As to your comments on my approach:

  • Yes, I do name the JSON variable. I used Set() for this but UpdateContext would work as well and that makes more sense as the scope is not global.
  • I'm using Patch because the button that creates the JSON text lives outside the form and therefore I cannot update a form data card with the most current values. I suspect that your button is in a separate hidden data card within the form to allow this and that's a good suggestion too. I will try it. (I've found that you can get around this limitation by using an external button to select an internal button that updates/resets a form field but  that wouldn't be necessary with an internally triggered button).
  • Yes, I'm using Collect() (ClearCollect(), actually) to store the values but that's only because I thought that was the only way to store many values at once (in an array). Your suggestion to use UpdateContext({}) instead is also interesting because, to date, I've only used that for scalar values. After reading your reply I see how it now could handle records, or even tables, just as well and if that means there would be no delay then I can just chain the formulas together in one step. Much better!

I will try your suggestions (already verified, which inspires confidence!). Your method for doing this does sound much better than mine so I'm glad I posted the question here. Thanks again.

 

One final thought...this is a useful approach for complicated forms that have many fields that need to be persisted so I can see lots of use cases for it....of course that suggests making it a component. But I'm not sure how I would do that given the need to store case-specific keys and values in the JSON.

 

By the design philosophy of Power Apps, I mean what Microsoft is trying to achieve with Power Apps. As a low-code/no-code app platform, unstructured data diverges from what a broad swath of the intended audience would be familiar with. Defining all fields in the data source is in line with keeping things simple and harder for the developer to mess-up.

 


@Baltner wrote:
  • I'm using Patch because the button that creates the JSON text lives outside the form and therefore I cannot update a form data card with the most current values.

 


Double-check this, this isn't my experience. There shouldn't be any problem with referring to a variable from within a form (or on the Form control itself)
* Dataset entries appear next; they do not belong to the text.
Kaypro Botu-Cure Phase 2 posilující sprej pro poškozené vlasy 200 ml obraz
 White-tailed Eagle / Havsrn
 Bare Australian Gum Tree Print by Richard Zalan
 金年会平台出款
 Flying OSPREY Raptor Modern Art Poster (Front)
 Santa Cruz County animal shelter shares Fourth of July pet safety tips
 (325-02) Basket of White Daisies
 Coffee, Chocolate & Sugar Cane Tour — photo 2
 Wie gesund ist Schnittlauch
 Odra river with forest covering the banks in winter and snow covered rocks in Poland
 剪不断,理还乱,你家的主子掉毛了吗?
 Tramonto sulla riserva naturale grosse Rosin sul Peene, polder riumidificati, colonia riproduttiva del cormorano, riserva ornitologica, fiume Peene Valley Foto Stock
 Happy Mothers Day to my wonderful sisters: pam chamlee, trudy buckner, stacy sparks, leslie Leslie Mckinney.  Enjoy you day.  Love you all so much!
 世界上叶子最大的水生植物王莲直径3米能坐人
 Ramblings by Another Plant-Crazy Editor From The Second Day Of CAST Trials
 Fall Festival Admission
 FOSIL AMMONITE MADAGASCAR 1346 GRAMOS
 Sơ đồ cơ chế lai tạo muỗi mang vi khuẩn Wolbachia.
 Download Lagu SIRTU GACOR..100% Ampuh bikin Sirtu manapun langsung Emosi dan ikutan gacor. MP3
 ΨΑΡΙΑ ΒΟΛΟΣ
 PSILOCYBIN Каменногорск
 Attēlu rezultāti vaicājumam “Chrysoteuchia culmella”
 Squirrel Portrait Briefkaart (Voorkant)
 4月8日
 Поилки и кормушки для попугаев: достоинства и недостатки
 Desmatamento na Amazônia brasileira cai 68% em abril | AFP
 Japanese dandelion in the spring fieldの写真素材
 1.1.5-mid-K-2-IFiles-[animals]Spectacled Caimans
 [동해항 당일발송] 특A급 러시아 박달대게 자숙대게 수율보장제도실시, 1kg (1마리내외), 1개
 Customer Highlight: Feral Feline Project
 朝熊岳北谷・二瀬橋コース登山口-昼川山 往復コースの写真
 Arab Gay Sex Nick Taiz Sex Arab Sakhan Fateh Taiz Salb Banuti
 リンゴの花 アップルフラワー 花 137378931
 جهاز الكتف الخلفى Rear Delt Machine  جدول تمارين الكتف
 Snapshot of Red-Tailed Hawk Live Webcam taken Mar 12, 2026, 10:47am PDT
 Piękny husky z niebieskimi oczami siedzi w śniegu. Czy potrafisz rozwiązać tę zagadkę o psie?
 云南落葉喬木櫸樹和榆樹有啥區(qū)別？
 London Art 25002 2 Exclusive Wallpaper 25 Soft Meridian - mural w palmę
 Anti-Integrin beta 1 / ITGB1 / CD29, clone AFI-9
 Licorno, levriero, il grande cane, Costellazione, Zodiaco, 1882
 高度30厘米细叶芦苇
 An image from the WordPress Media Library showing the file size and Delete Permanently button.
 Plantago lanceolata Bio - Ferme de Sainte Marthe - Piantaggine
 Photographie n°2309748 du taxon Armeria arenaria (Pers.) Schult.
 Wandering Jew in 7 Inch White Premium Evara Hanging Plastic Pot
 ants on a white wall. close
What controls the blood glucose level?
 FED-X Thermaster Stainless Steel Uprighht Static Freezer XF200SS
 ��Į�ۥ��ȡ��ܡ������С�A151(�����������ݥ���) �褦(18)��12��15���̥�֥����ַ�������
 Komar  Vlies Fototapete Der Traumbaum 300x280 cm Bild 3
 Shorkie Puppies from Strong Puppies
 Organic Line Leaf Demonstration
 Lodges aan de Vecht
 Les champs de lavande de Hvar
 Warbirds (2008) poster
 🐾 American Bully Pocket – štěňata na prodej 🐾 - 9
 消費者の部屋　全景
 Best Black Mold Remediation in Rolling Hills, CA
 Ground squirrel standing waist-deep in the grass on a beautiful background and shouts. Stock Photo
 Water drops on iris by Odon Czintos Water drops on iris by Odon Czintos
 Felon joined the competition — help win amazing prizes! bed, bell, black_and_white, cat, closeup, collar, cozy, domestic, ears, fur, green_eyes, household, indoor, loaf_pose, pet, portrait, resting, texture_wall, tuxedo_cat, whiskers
Ah, components, so much potential, but also annoying limitations. In particular, they don't work with forms. You can't have components inside of a form and you can't have forms inside of components. You could potentially create something based on a gallery so that you can vary the number of fields. I tried to do something similar and the problem I encountered is that Power Apps requires that field names are string literals, i.e. hard-coded in the editor. Field names can't be variables. You couldn't save the fields properly together as a record, but as individual records in a table. Something like:

ForAll(Gallery1.AllItems({Name: NameControl.Text, Value: ValueControl.Text}))

 Which went against my sense of aesthetics, lol. So, I can't recommend trying to generalize too much in Power Apps because of the limitations of the software, but if you get something working I would be curious about it!